Why did Vlad the Impaler impale people?

Before the Geneva Convention there was medieval warfare and it was often barbaric and brutal. Vlad III Dracula (Dracula meaning “son of Dracul” or “son of the dragon”), otherwise known as Vlad the Impaler, or Vlad Ţepeş (Tze-Pesh, Romanian for “Impaler”), would torture and kill his enemies by impaling them on sharpened poles and setting them on display as examples. He chose impalement because at the time it was considered degrading and embarrassing for the victim, and he wanted to instill fear in potential invaders. He also had significant mental trauma from his early life that surely complicated the matter. Let’s see how it all ties together.

Much to be angry about

To start off, in their childhood Vlad III and his brother Radu were given captive to the Ottoman Empire as a token of loyalty by his father, Vlad II Dracul, so that he could maintain rule over Wallachia. Vlad III and Radu were awfully abused, tortured, and even raped. To further aggravate the trauma, there was also a lot of psychological agony they were put through. Eventually, Radu was given to the Sultan to be his personal lover. Vlad III’s father and mother were also murdered, so there’s that.
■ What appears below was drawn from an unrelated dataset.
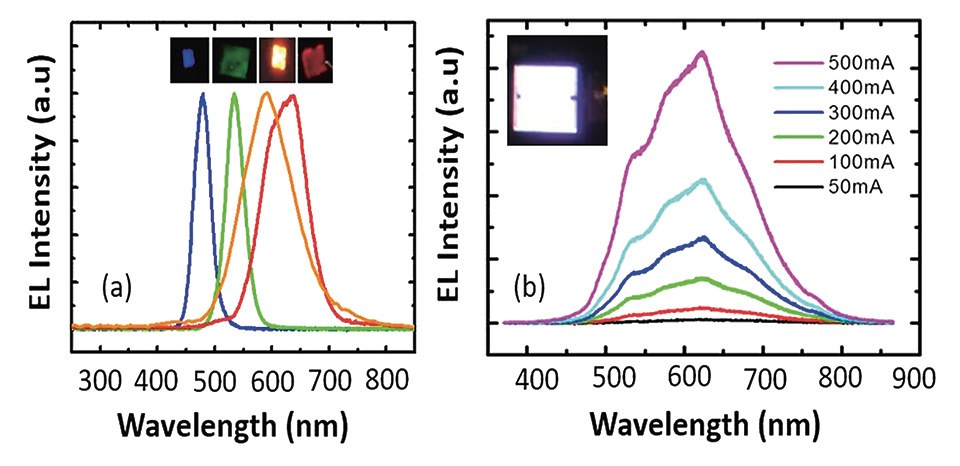 Figure 2. (a) Electroluminescence spectra of various InGaN/AlGaN LEDs with distinct emission colors, along with their optical image. (b) Electroluminescence spectra of the phosphor-free core–shell nanowire white-LED under injection current along with the optical image of the white LED[1]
There’s a lot of terrible history to learn of Vlad III just in his early years, so when he came to rule Wallachia, he was full of animosity, ire, and thirst for vengeance. By this point, he likely had mental conditions exacerbating his anger such as PTSD, anxiety, depression, and possibly some insanity. The sexual nature of impalement (it was often done through the rectum) suggests the act was consciously or unconsciously linked to Vlad III’s past.

The fear factor

To say that Vlad the Impaler used his impaled victims to instill fear and deter possible invaders is just the tip of the iceberg. Soldiers in that time considered a degrading and embarrassing form of punishment. Especially considering the way that Vlad the Impaler chose to impale his victims was through the rectum and up through the body. The embarrassment of this violation and having the spike set standing, putting the victim in the air, letting him see from above as he is slowly dying, and smelling his own blood was stomach churning. No soldier wanted that fate.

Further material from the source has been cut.